Mais le principe a ses avantages. «Parfois, quand tout est brouillé par le politique, le culturel peut continuer. Par exemple, en 2005 en Syrie, après l'attentat qui a coûté la vie à l'ancien premier ministre libanais Rafic Hariri, nous avons poursuivi notre collaboration.» Elle ne s'est arrêtée qu'avec la répression actuelle. Si l'on excepte l'Iran, la Syrie est le seul pays avec qui le Louvre ne travaille plus.
Par son rayonnement, le musée sert aussi la cause des entreprises. Dans son sillage, les généreux mécènes affluent.
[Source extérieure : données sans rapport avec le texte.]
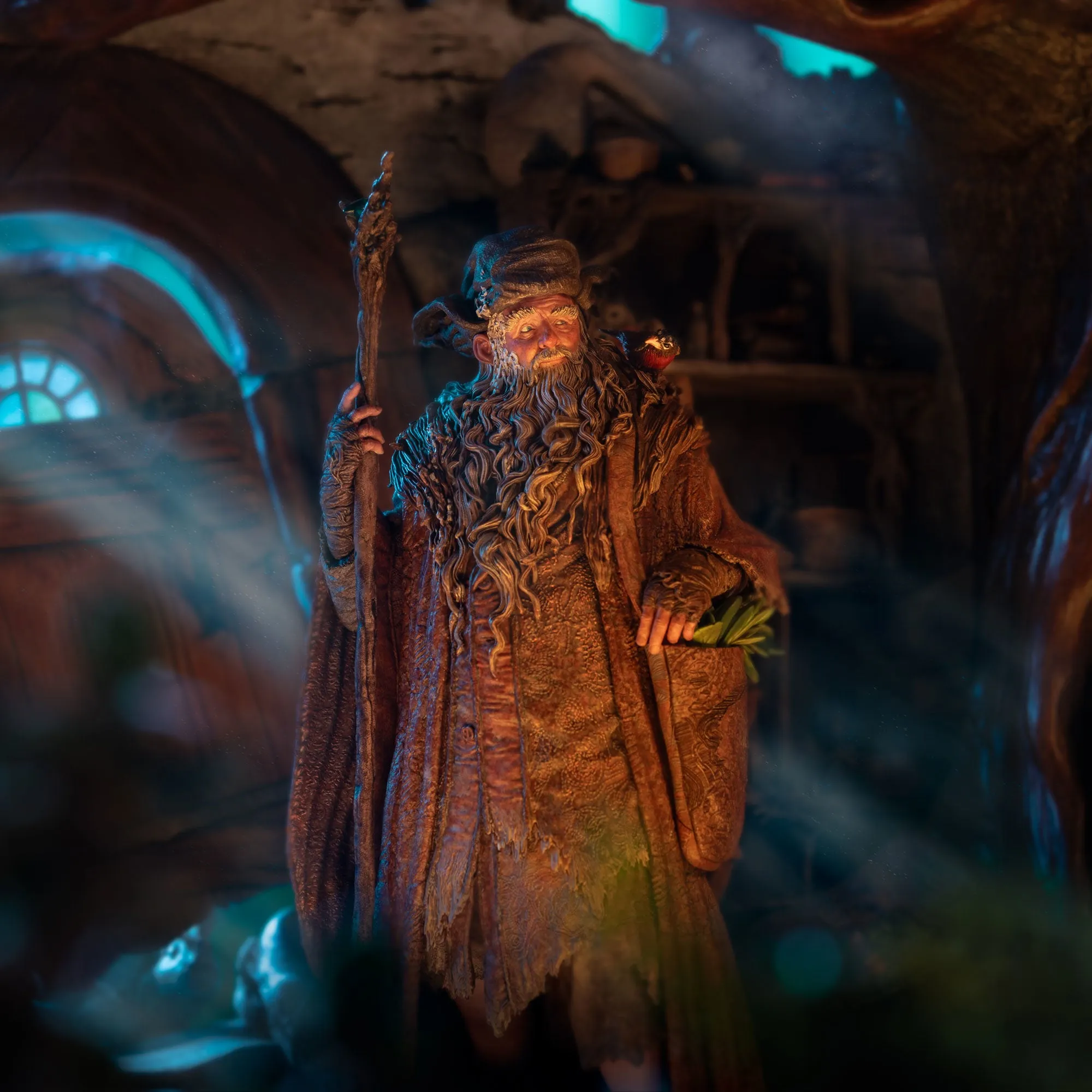 Radagast in Rhosgobel The Hobbit Classic Series 1/6 Scale Statue Pre-order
Comment ne pas profiter de ces moments d'émerveillement, quand les chefs-d'œuvre venus de la Ville Lumière (722 en 2011) sont déballés, pour nouer des contacts, décrocher des contrats. Comme en 2009, où PSA Peugeot Citroën avait financé une exposition de sculptures de Houdon à Rio. Cette année, pour remercier les États-Unis d'avoir notamment organisé des dîners de «funds raising» à Bentonville (Arkansas), San Francisco et Los Angeles, une petite présentation sur la naissance de la peinture de paysage outre-Atlantique a permis de contenter les amis américains du Louvre.
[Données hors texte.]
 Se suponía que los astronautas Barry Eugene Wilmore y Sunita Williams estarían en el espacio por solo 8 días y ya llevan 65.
Détail qui en dit long: à Madrid, Henri Loyrette, haut fonctionnaire affable, n'a pas seulement reçu son prix, devant trois cents notables. Le lendemain, il renouvelait pour quatre ans un partenariat avec la Caixa Bank. En échange de quatre expositions clés en main, des peintures de Charles Le Brun seront restaurées et les caisses du Louvre seront alimentées d'une enveloppe au montant classé confidentiel.